More advanced R users tend to further optimize via functionals. This family of functions takes in vectors (or matrices, or lists) of values and applies other functions to each. Examples are apply or plyr::*ply functions, which speed up R code mainly because the for loops they have inside them automatically do things like pre-allocating vector size. Functionals additionally prevent side effects: unwanted changes to your working environment, such as the remaining i after for(i in 1:10). Although this does not necessarily improve computing time, it is regarded best practice due to preventing consequent coding errors.

## Conclusions

There are cases when you should use for loops. For example, the performance penalty for using a for loop instead a vector will be small if the number of iterations is relatively small, and the functions called inside your for loop are slow.

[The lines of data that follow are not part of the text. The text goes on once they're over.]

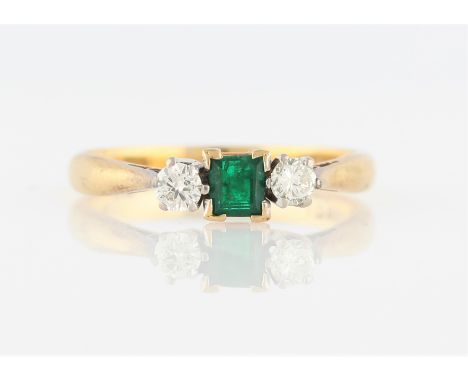 An emerald and diamond three stone ring, set with a central square cut emerald, measuring approx. 3x3mm, flanked to either si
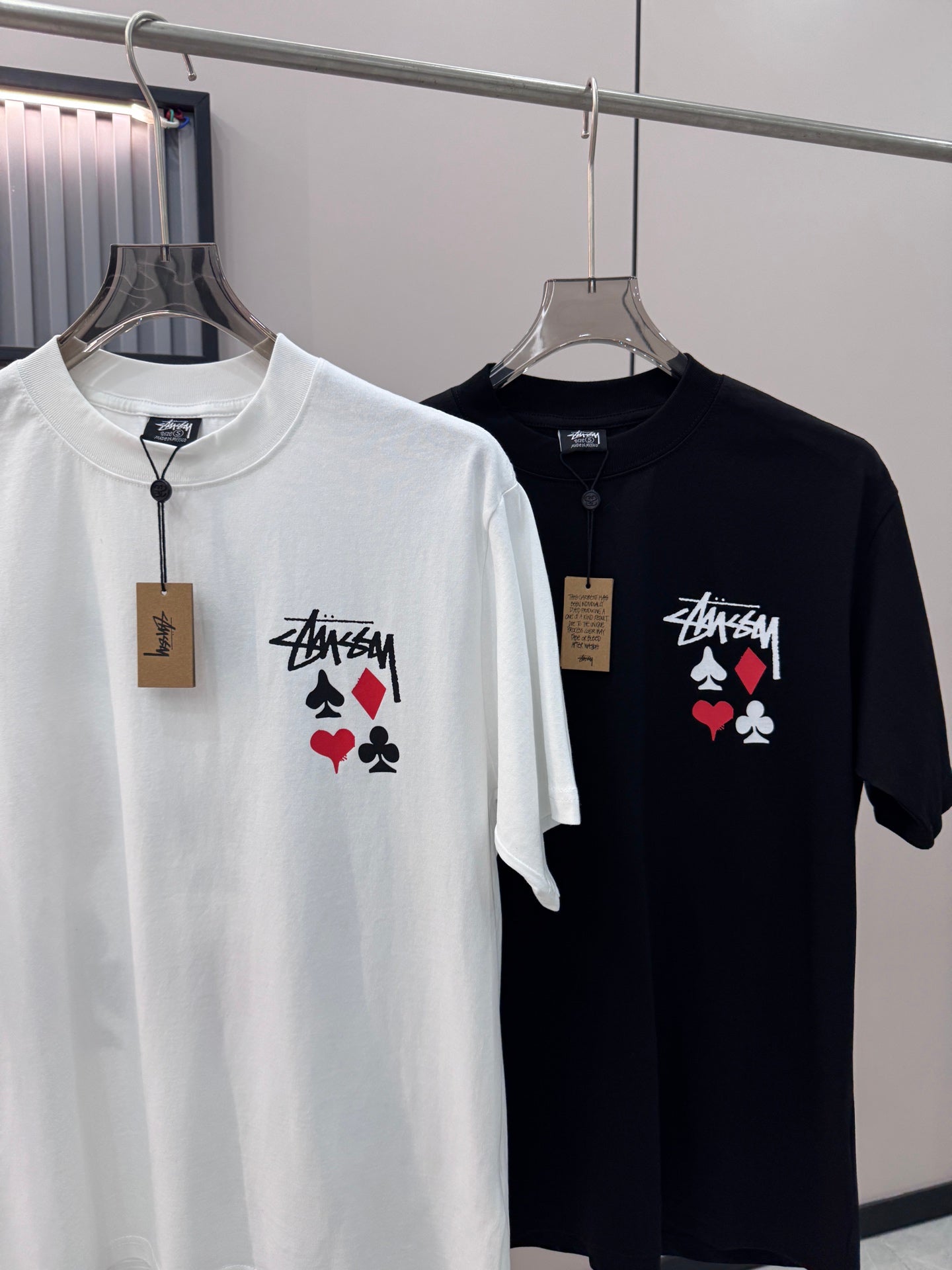 White and black short-sleeve T-shirts with playing-card graphic on hangers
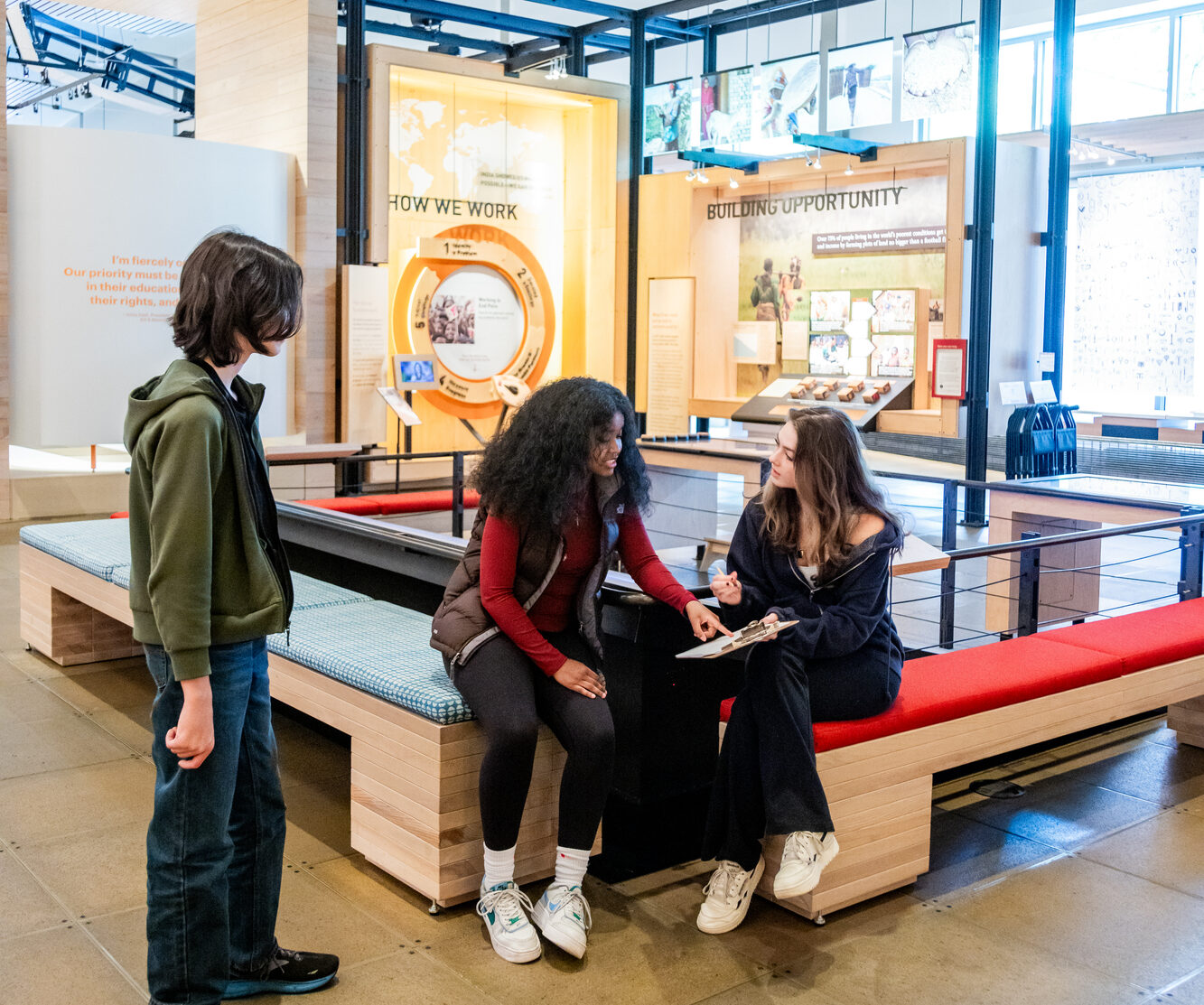 Teen visitors enjoy the "Our Work" gallery in the Discovery Center while interacting with a quiz.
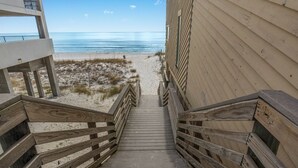 A wooden staircase leading to a beach with a view of the ocean. - BEACH HOUSE! Walk to Private Beach Gate, Pickleball, Rent Golf Cart, Heated Pool (Destin)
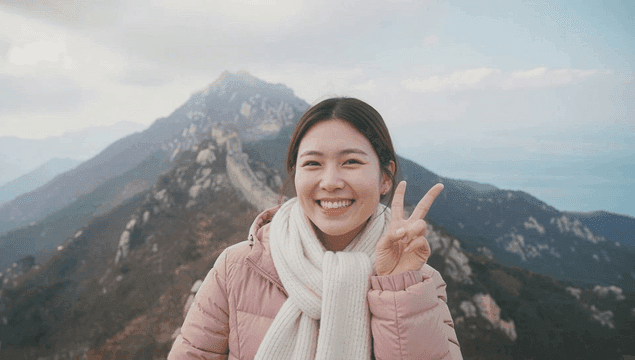 Smiling woman on top of mountain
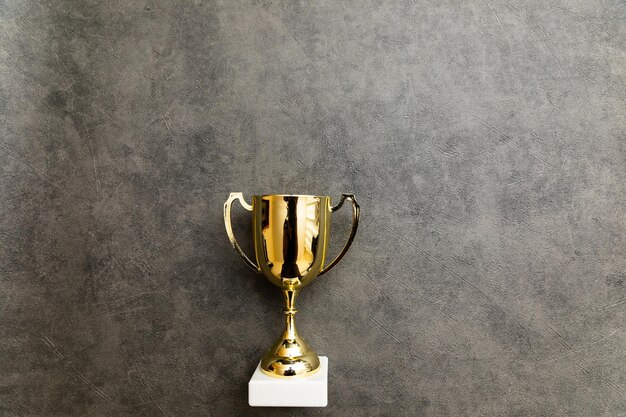 Simply flat lay design winner or champion gold trophy cup on concrete stone grey background victory
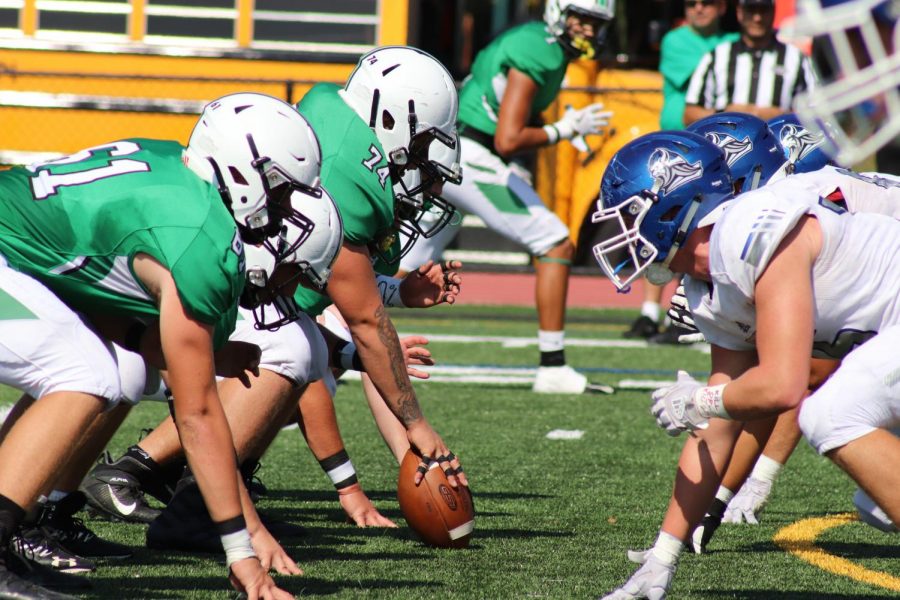 Pascack+Valley+and+Demarest+get+set+at+the+line+of+scrimmage.+The+Indians+went+on+to+defeat+the+Norsemen+48-18+in+Valleys+Homecoming+game+on+Sept.+28%2C+and+the+two+teams+are+now+set+for+a+rematch+in+the+playoffs.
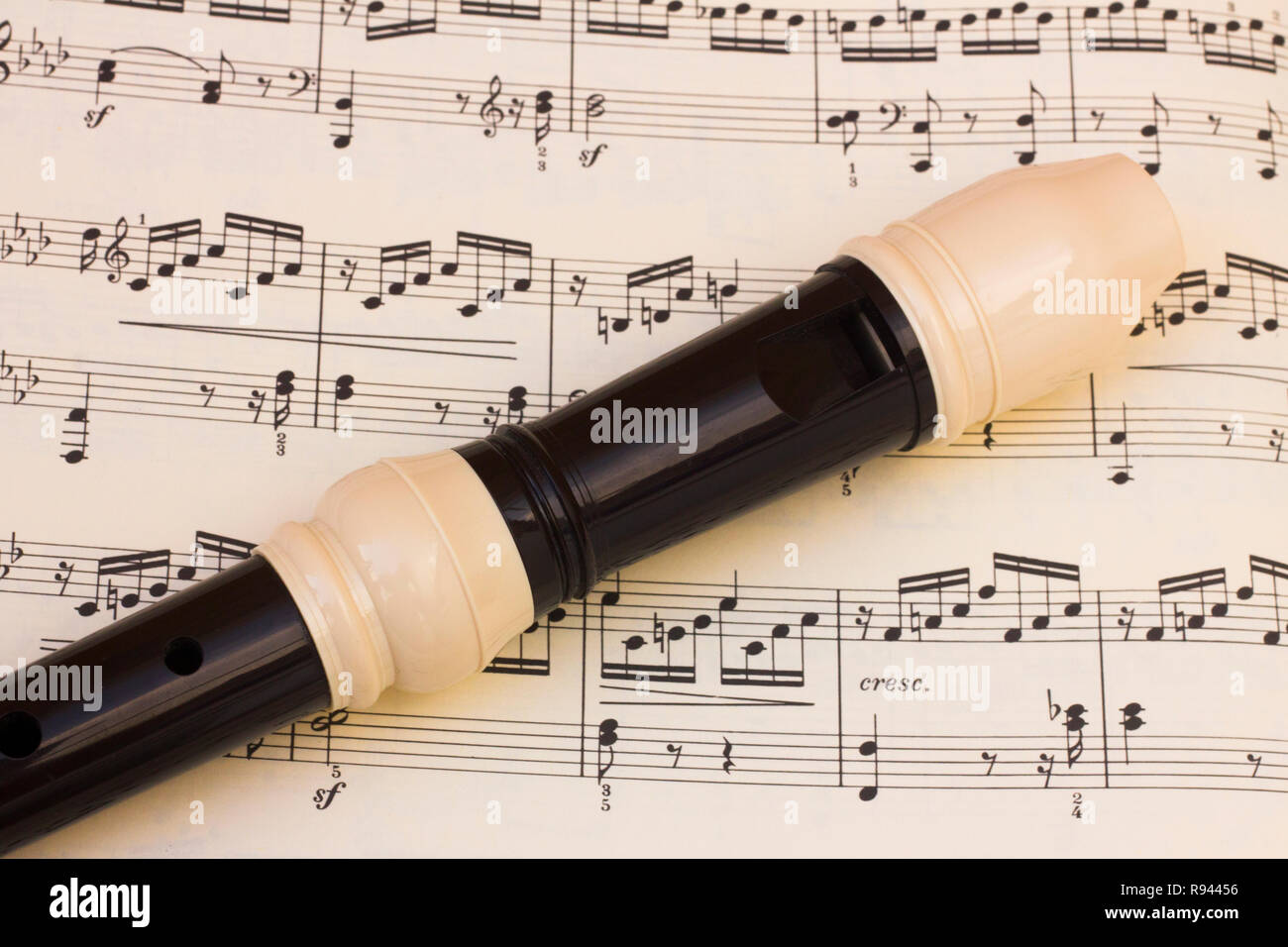 Plastic flute recorder over a music score sheet Stock Photo - Alamy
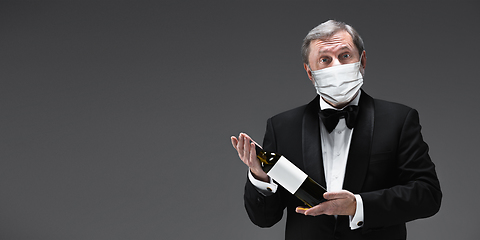 Image showing Elegance senior man waiter in protective face mask on gray background. Flyer with copyspace.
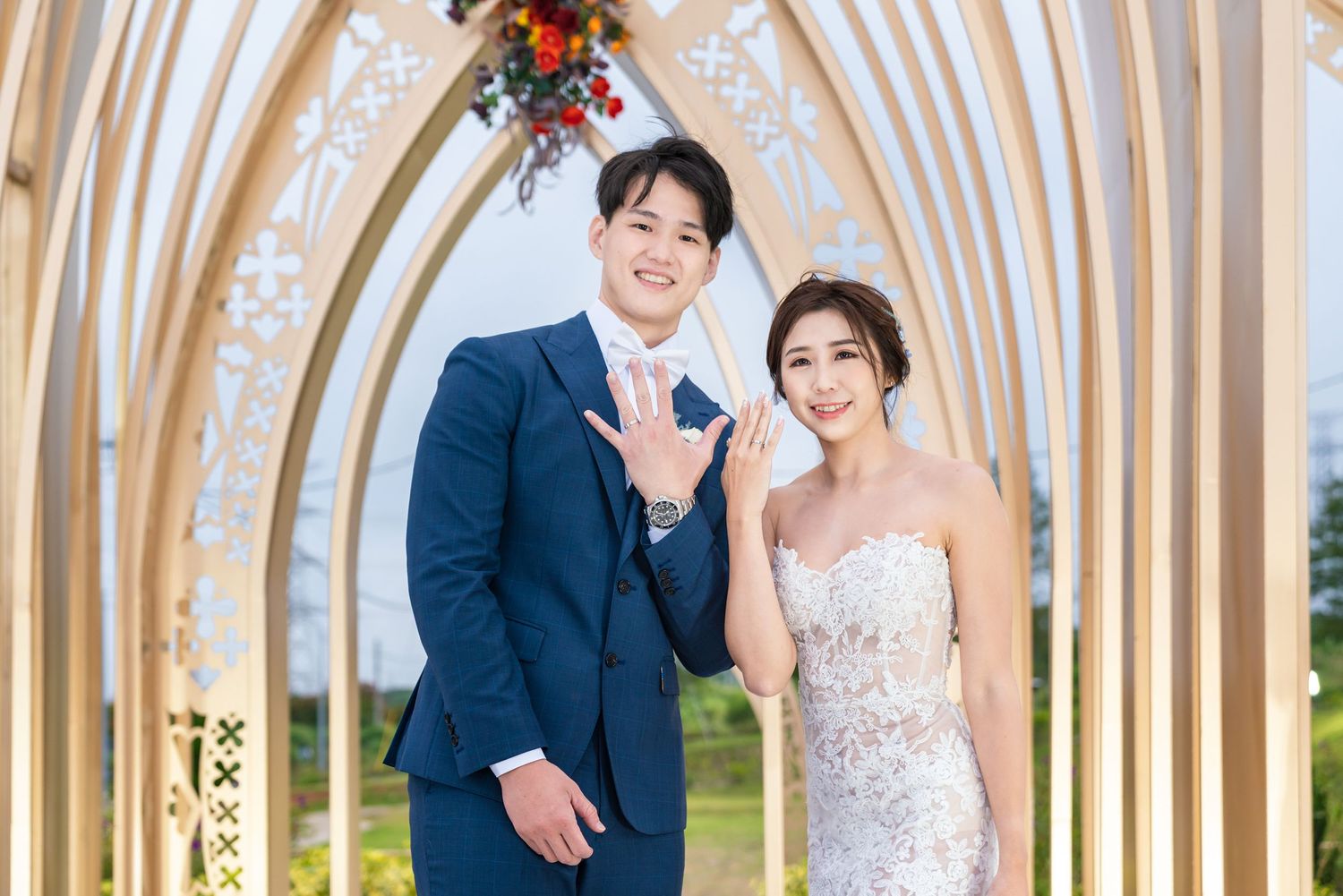 A couple poses under an elegant arched chapel doorway decorated with flowers on their wedding day.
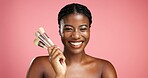 Portrait, black woman and brushes for makeup in studio background, beauty makeover and glamour. Happy, female person and cosmetic tools for transformation, foundation application and aesthetics flow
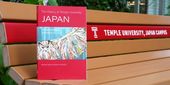 A copy of The History of Temple University Japan on a bench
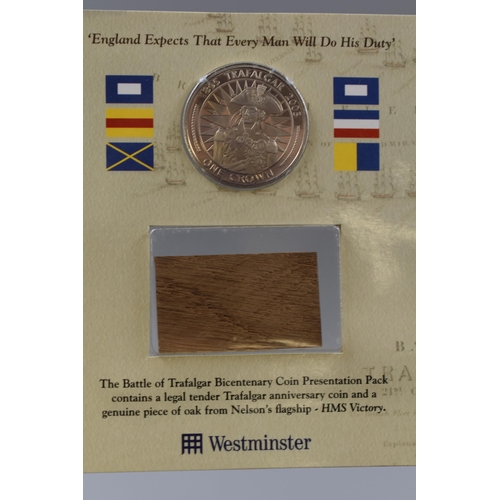 154 - Battle of Trafalgar Crown set with a piece of oak from HMS Victory, a First Decimal Coin Set and thr... 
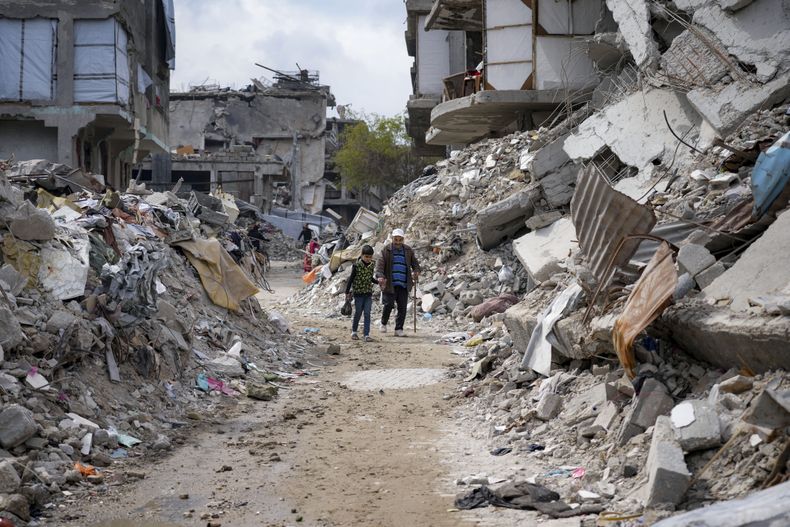 Dos personas caminan entre los escombros de viviendas destruidas por la ofensiva del ejército israelí contra Hamás, el miércoles 19 de febrero de 2025, en Jabaliya, en el norte de la Franja de Gaza. (AP Foto/Abdel Kareem Hana)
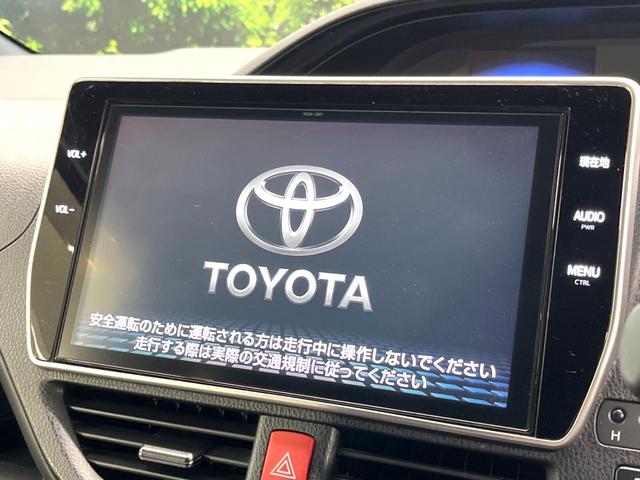 エスクァイア ハイブリッドGi ブラックテーラード 禁煙車 純正10インチナビ フリップダウン バックカメラ 両側パワースライドドア セーフティセンスC シートヒーター LEDヘッド ETC クルコン オートマチックハイビーム デュアルオートエアコン(3枚目)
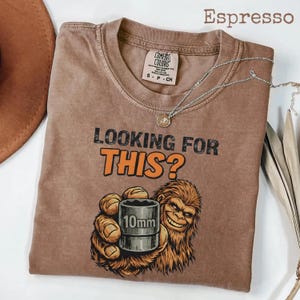 Könnte beinhalten: Espressofarbenes T-Shirt mit dem Text "LOOKING FOR THIS?" und einer Grafik eines lächelnden Bigfoot, der eine 10-mm-Stecknuss hält. Das Shirt hat einen Rundhalsausschnitt und kurze Ärmel. Eine silberne Halskette mit Anhänger ist ebenfalls sichtbar.
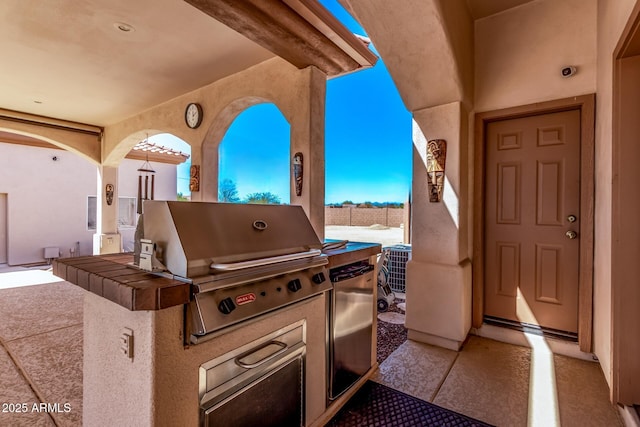 view of patio featuring central AC unit, exterior kitchen, and area for grilling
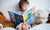 boy sitting on a bed reading story book surrounded with toys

Here, looping and overhead from function calls make up a small fraction of your computational time and for loops may be more intuitive or easier to read for you. Additionally, there are cases where for loops make more sense than vectorized functions: (1) when the functions you seek to apply don’t take vector arguments and (2) when each iteration is dependent on the results of previous iterations.

Another general rule: fast R code is short. If you can express what you want to do in R in a line or two, with just a few function calls that are actually calling compiled code, it’ll be more efficient than if you write long program, with the added overhead of many function calls.

Finally, there is a saying that “premature optimization is the root of all evil”. What this means is that you should not re-write your R code unless the computing time you are going to save is worth the time invested. Nevertheless, if you understand how vectorization and functional programming work, you will be able to write more faster, safer, and more transparent (short & simple) programs.